Un mot pour finir sur la forme de l’ouvrage : on se réjouira que l’évolution de la vieille collection Aubier-Montaigne autorise aujourd’hui l’illustration, d’autant que cette dernière, si elle n’est pas abondante, est bien choisie. Toujours de manière positive, il convient de souligner que, malgré le grand nombre de contributeurs, les redites et autres doublons sont parfaitement évités. On regrettera seulement que la table des matières n’indique pas le nom du ou des auteurs et qu’il faille se reporter à leur (courte) notice biographique pour savoir qui a écrit quoi et que la notice consacrée à Alain Corbin lui-même omette de mentionner qu’il est l’auteur du premier chapitre.
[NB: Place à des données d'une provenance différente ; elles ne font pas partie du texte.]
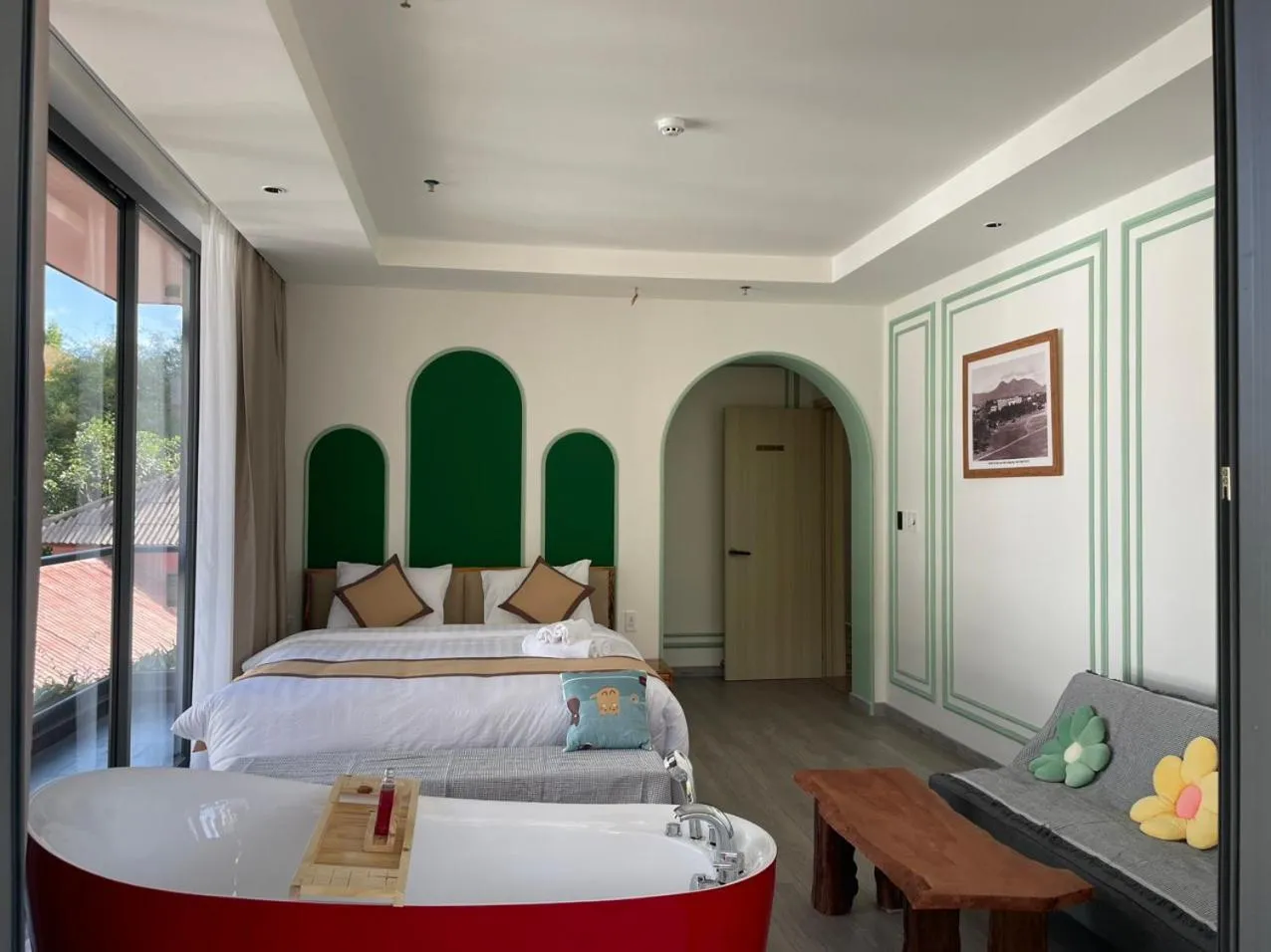 Photo of the whole room, Bed in LHASA HOTEL - Central hotel in Dalat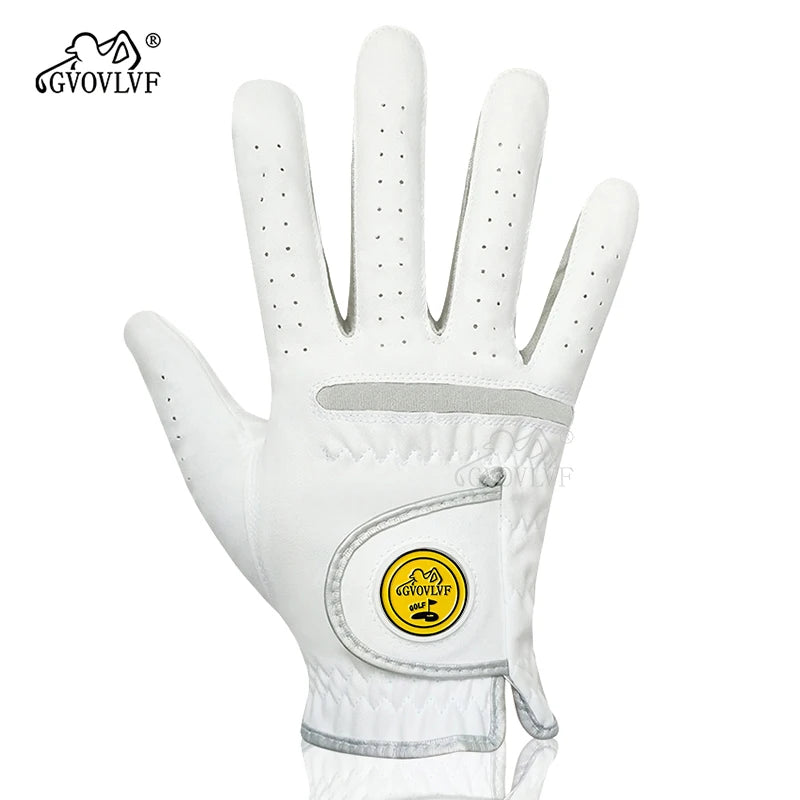 1 Piece Men Golf Glove Micro Soft Fabric Breathable Comfortable Fitting With Magnetic Marker Replaceable For Golfers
Il faut en effet se rendre à l’ultime page de ce chapitre pour en connaître l’auteur qui n’est autre que le coordonnateur du livre ! Pour en rester au sujet des erreurs facilement évitables, on notera que l’héroïne de Thomas Hardy est fautivement nommée «d’Uberville» partout où ce nom se rencontre (pour Urberville), ou encore que l’agronome anglais Arthur Young est devenu «américain». Cependant ceci ne remet nullement en cause la qualité et l’intérêt de l’ouvrage.

En dernière analyse, un livre plaisant, instructif et recommandable pour un large public afin de mieux comprendre notre rapport au temps qu’il fait et à ceux qui entendent nous le prédire.